Östrogen macht empfänglicher für Dopamin

Auch frühere Studien hätten bereits geschlechtsspezifische Unterschiede zwischen der Ausprägung des TH-Gens und dem Verhalten zutage gefördert. "Der Zusammenhang ist noch nicht vollständig geklärt, aber das weibliche Sexualhormon Östrogen scheint eine Rolle zu spielen", erläutert der beteiligte Forscher Dr. Erhan Genç. Östrogen beeinflusse indirekt die Dopamin-Produktion und dessen Wirkung im Gehirn. "Frauen könnten also aufgrund des Östrogens empfänglicher für die genetisch bedingten Unterschiede im Dopaminlevel sein, was sich wiederum im Verhalten niederschlägt", so der Biopsychologe.

In künftigen Studien will das Forschungsteam den Einfluss des schwankenden Östrogenspiegels während des Menstruationszyklus für die Handlungskontrolle genauer untersuchen, sowie neben Dopamin auch Noradrenalin beleuchten – einen weiteren wichtigen Botenstoff, den das TH-Gen beeinflusst.

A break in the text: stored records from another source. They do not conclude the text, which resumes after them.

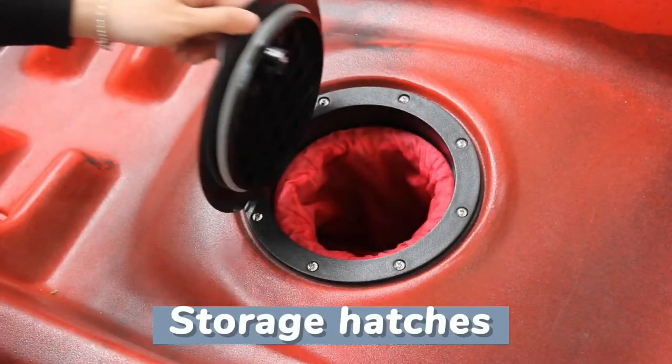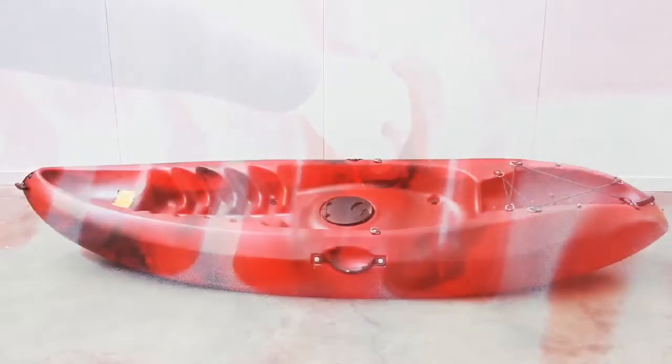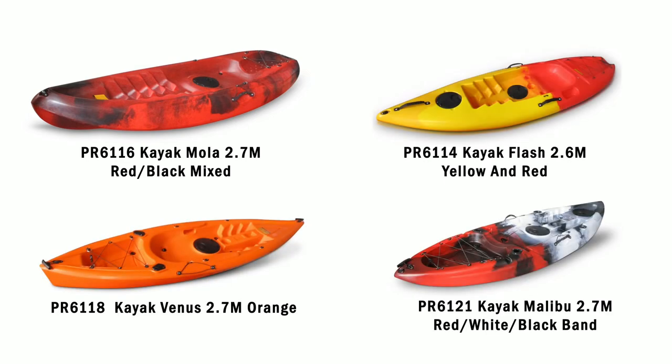This has a storage hatch with a removable waterproof inner bag to keep your valuables safe, and a drainage plug by your feet to make sure no water remains on top. We stock a whole range of models, so check out tsbliving.co.nz for more.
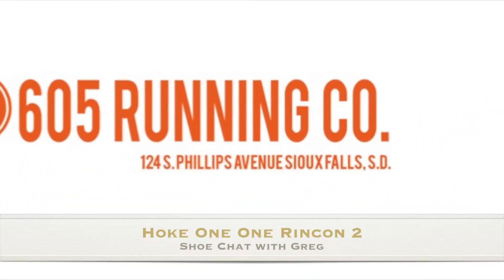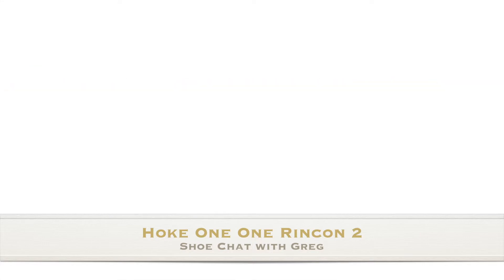It's the Hoka Rincon 2. Hey everybody, Greg Koch here, 605 Running Company, and today I'm talking about the Hoka Rincon 2. Pretty excited about this shoe — it's fairly new to our shop, and it's definitely new to me. I've been giving it a workout the last couple of weeks and I'm excited to chat about it. So let's do that.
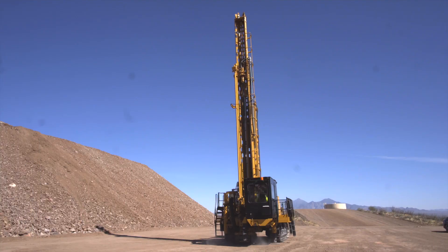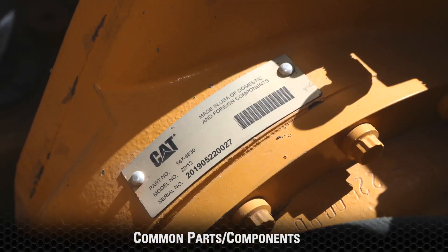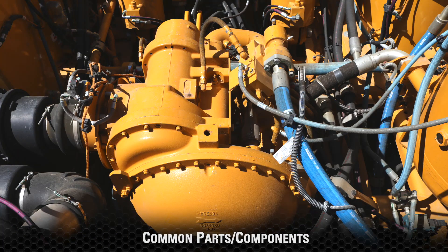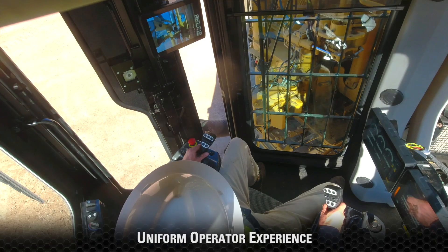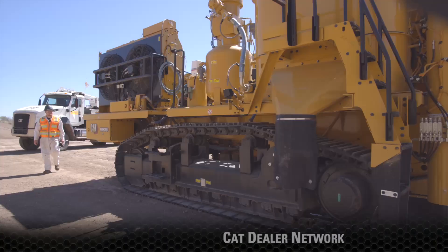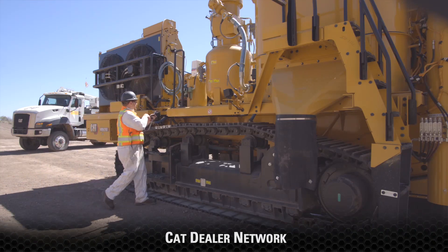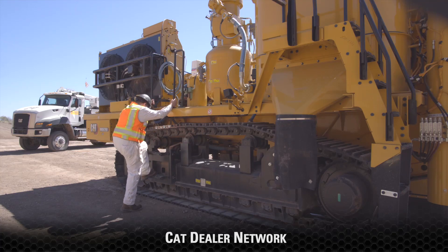The MD 6200 has 100% CAT integration, which means common parts and components across all CAT drills, saving you money in parts inventory, uniform operator environment and maintenance experience, which offers quick familiarity, and world-class support of the CAT dealer network with access to over 1.4 million parts.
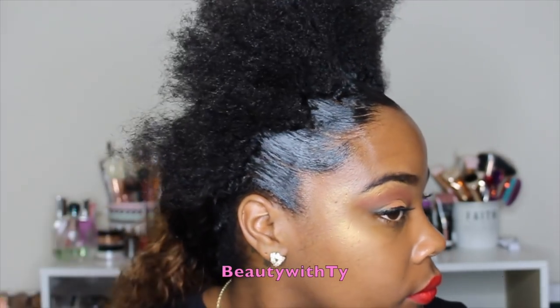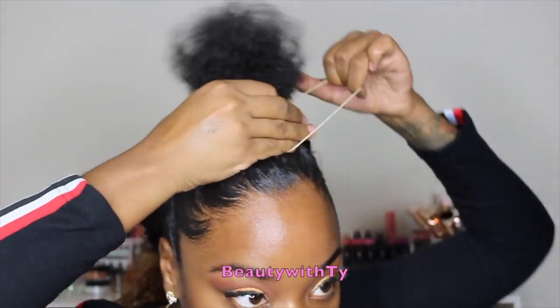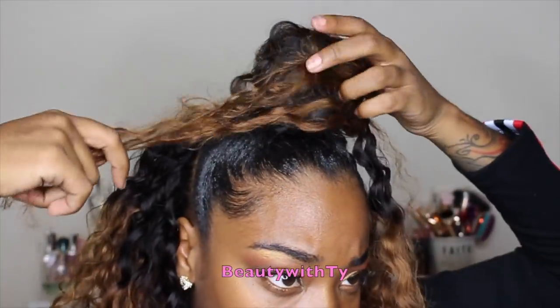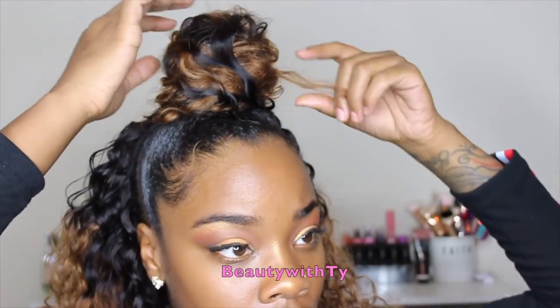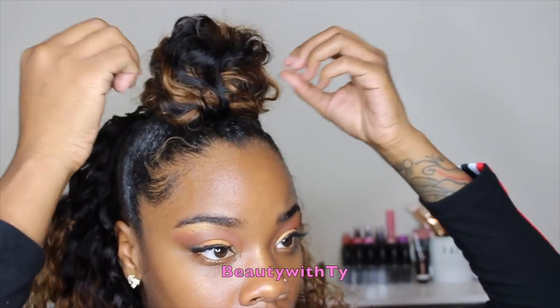Here I used the edge control solely by itself, but when I did my ponytail I added some gorilla snot on top, which was perfect. I wish I had added some product on top, but I didn't just for the sake of showing the edge control in this video. Then I take a piece of hair and just wrap that around the bun — I wanted it really fluffy and free.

In einer vorherigen Studie konnten die Forschenden zeigen, dass bei zu Prokrastination neigenden Menschen ein Hirnareal größer ausgeprägt und die Verbindung zu einem anderen eingeschränkt ist. Einen Zusammenhang mit dem TH-Gen konnte das Team in der neuen Studie jedoch nicht finden. Die Wissenschaftlerinnen und Wissenschaftler schließen daraus, dass genetische, anatomische und funktionale Unterschiede die Prokrastinations-Neigung unabhängig voneinander beeinflussen.